I just got a very odd compliment. Well, in fact, it's a tad odd that I get a compliment at all. I had rolled myself around a fair bit over the last few days and I admit to liking the feel of moving quickly and efficiently in my wheelchair. I'm good at quick turns and trick steering. You have to be if you don't want to be constantly bumping into people's legs. No one sees me but I have to see everyone. Occasionally someone will step into my path and I simply can't stop in time and I bump them. I'm driving, I'm automatically at fault and I've been given some stern looks and harsh words ... a weak 'but you stepped right in front of me' doesn't cut it. Don't know why.

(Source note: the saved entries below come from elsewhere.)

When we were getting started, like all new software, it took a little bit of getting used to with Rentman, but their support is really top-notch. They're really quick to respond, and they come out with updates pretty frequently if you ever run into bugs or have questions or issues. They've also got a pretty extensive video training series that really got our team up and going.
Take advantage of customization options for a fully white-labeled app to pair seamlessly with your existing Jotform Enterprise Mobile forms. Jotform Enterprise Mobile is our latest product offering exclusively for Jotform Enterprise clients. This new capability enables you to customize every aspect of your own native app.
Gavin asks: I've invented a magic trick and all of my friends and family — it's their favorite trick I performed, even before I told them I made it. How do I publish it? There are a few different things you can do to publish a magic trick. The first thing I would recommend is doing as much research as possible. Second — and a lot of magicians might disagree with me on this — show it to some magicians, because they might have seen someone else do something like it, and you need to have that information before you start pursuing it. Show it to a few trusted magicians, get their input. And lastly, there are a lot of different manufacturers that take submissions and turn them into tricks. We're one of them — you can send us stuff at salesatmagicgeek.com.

Anyways, I was rolling up to my lecture desk and, just for fun, decided that I'd try to take a run at it and then execute a sharp 90 degree turn. This is more difficult than you might imagine. You've got grab your wheel at exactly the right moment, going exactly the right speed. I manage this more often than not but its more difficult on carpet. So I got the speed up and wham, made the turn, and ended parked exactly where I should be, right in front of my notes. I'll admit to a self satisfied grin.

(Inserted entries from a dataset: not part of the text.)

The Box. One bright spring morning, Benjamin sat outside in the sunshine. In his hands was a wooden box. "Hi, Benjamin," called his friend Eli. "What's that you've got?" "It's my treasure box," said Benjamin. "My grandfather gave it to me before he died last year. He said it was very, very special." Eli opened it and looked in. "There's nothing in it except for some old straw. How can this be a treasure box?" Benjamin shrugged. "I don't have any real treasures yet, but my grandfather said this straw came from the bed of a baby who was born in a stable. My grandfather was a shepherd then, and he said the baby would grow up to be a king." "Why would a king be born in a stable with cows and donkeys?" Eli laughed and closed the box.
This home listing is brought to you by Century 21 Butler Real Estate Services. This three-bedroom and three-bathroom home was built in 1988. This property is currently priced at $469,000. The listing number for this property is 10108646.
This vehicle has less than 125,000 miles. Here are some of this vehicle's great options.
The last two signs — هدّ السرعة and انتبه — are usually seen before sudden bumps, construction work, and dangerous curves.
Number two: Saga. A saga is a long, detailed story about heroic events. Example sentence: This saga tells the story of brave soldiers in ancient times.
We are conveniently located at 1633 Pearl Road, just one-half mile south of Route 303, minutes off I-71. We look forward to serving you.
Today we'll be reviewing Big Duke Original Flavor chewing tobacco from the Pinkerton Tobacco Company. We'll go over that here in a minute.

I didn't know that I'd been watched and one of the conference folks said to me, 'You move really gracefully in your chair.' I was taken aback. I don't know that I've often been referred to as graceful. As a large, tall person I had a lumbering walk - which was effective but not pretty. I never ran. Ever. Fat people shouldn't run. Ever.
I thought about other wheelchair users I know and realized that they, too, had grace in movement. That there was a way of being in a wheelchair wherein body, mind and machine become one and movement becomes an expression of all of them. Being a wheelchair user does not mean a loss of grace, it simply means a change in gracefulness.
My internal language, the language I use to describe myself hasn't ever included the idea of graceful movement. I'm going to have to think about that. Perhaps I need to develop new words to describe the me I am now, the me who can turn a large chair in a small elevator, the me who can scoot along briskly, the me who makes long strides with my arms not my legs. Perhaps I need to stale date my self image. It seems I need to update it a little more often than I do.
In fact I checked, my self image was dated as past due 20 years ago.